Would using higher degree polynomial regression give us even better performances? Let us try right now! First, for cubic model, we change degree
to 3
in the pipeline:
num_pipeline_poly3 = Pipeline([
('polynomial', PolynomialFeatures(degree=3)),
('standardize', StandardScaler()),
('impute', SimpleImputer(strategy='median'))
])
#pipeline for class features
data_pipeline_poly3 = ColumnTransformer([
('numeric', num_pipeline_poly3, num_cols),
('class', cat_pipeline, cat_cols)
])
poly3_reg_pipeline = Pipeline([
('processing', data_pipeline_poly3),
('modeling', LinearRegression())
])
r2_10cv = cross_val_score(poly3_reg_pipeline, train, train[[target]], cv=10, scoring='r2')
np.mean(r2_10cv)
0.5773308094289162
Then bi-quadratic model with degree=4
num_pipeline_poly4 = Pipeline([
('polynomial', PolynomialFeatures(degree=4)),
('standardize', StandardScaler()),
('impute', SimpleImputer(strategy='median'))
])
#full pipeline - combine numeric and class pipelines
data_pipeline_poly4 = ColumnTransformer([
('numeric', num_pipeline_poly4, num_cols),
('class', cat_pipeline, cat_cols)
])
poly4_reg_pipeline = Pipeline([
('processing', data_pipeline_poly4),
('modeling', LinearRegression())
])
r2_10cv = cross_val_score(poly4_reg_pipeline, train, train[[target]], cv=10, scoring='r2')
np.mean(r2_10cv)
-125.40707047461794
So, the cubic model gets a CV R2 of… 0.577
, and the bi-quadratic,….. -125.4
!? What happened?
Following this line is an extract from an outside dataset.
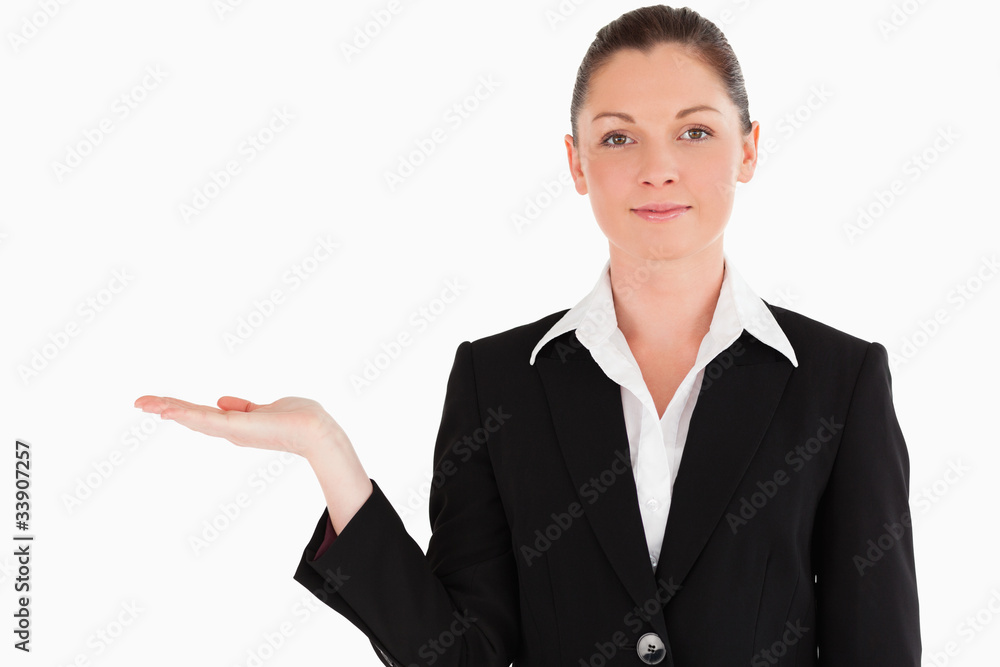 Lovely woman in suit showing a copy space while standing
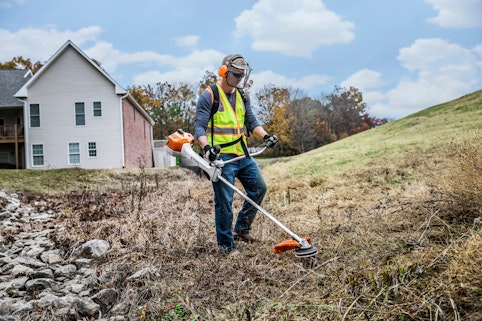 Profession landscaper using the STIHL FS 360 C-EM in a ditch near houses.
Well, short answer, having more complicated models does not always mean higher performance. And the long answer? let us spend a whole post on that!
Conclusion
In this post, we have gone through concepts of polynomial regression, which is a more generalize version of linear regression to deal with nonlinear patterns or correlations in data. And, I promise, we will discuss the interesting phenomenon when we use cubic or bi-quadratic models in the auto-mpg
data. It deserves its own post! So, until next time.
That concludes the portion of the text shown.